Restate the listing that follows word for word, without its pictures.

- **INFORMATION SUPPLIED**:

★ ★ ★

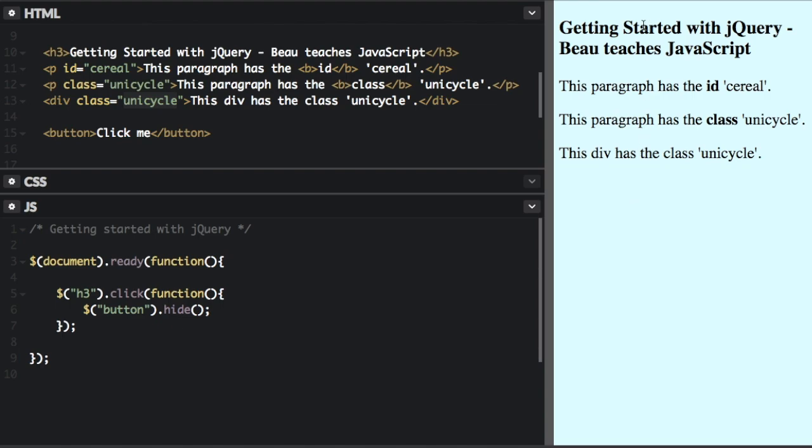Okay, that's just a quick introduction to jQuery. I'm going to be going over more information about jQuery in future videos. Thanks for watching. My name is Beau Carnes. Don't forget to subscribe and remember, use your code for good.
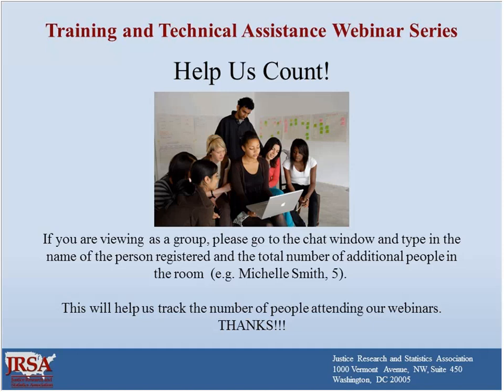Good afternoon everyone, my name is Erin Farley and I am one of JRSA's research associates. JRSA stands for the Justice Research and Statistics Association — a national nonprofit organization dedicated to the use of research and analysis to inform criminal and juvenile justice decision-making. We are comprised of a network of researchers and practitioners, including directors and staff from state statistical analysis centers. I want to thank our partners at the Bureau of Justice Statistics for helping make this webinar possible. It is my pleasure to welcome you to our webinar on integration of social network analysis and spatial analysis.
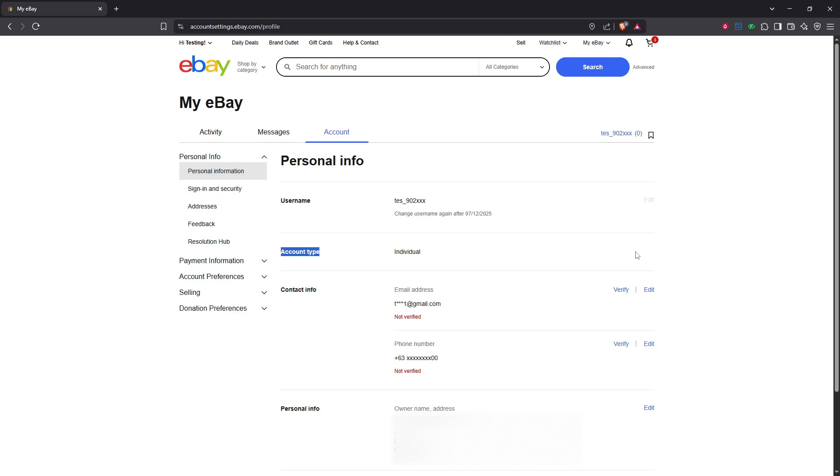And there you have it, you've successfully converted your eBay personal account into a business account. This transition opens up new opportunities for you to grow and enhance your sales experience on eBay. Thanks for watching and we hope this guide was helpful. If you found this tutorial useful, don't forget to like and subscribe for more helpful tips and guides.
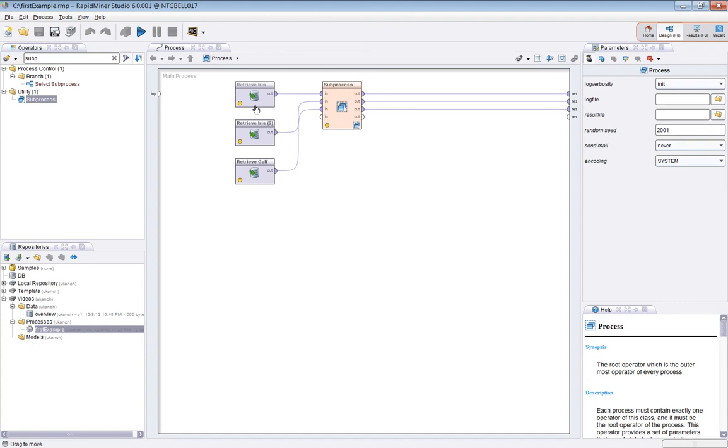So in summary, let's recap. We've seen an overview of the GUI, we've looked at views, we've looked at running processes, we've looked at changing operator parameters, and we've seen how you can save your processes in the repository or export them as files.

★ ★ ★

- **SOLUTION TO THIS PROBLEM**:
Okay, that's just a quick introduction to jQuery. I'm going to be going over more information about jQuery in future videos. Thanks for watching. My name is Beau Carnes. Don't forget to subscribe and remember, use your code for good.
Good afternoon everyone, my name is Erin Farley and I am one of JRSA's research associates. JRSA stands for the Justice Research and Statistics Association — a national nonprofit organization dedicated to the use of research and analysis to inform criminal and juvenile justice decision-making. We are comprised of a network of researchers and practitioners, including directors and staff from state statistical analysis centers. I want to thank our partners at the Bureau of Justice Statistics for helping make this webinar possible. It is my pleasure to welcome you to our webinar on integration of social network analysis and spatial analysis.
And there you have it, you've successfully converted your eBay personal account into a business account. This transition opens up new opportunities for you to grow and enhance your sales experience on eBay. Thanks for watching and we hope this guide was helpful. If you found this tutorial useful, don't forget to like and subscribe for more helpful tips and guides.
So in summary, let's recap. We've seen an overview of the GUI, we've looked at views, we've looked at running processes, we've looked at changing operator parameters, and we've seen how you can save your processes in the repository or export them as files.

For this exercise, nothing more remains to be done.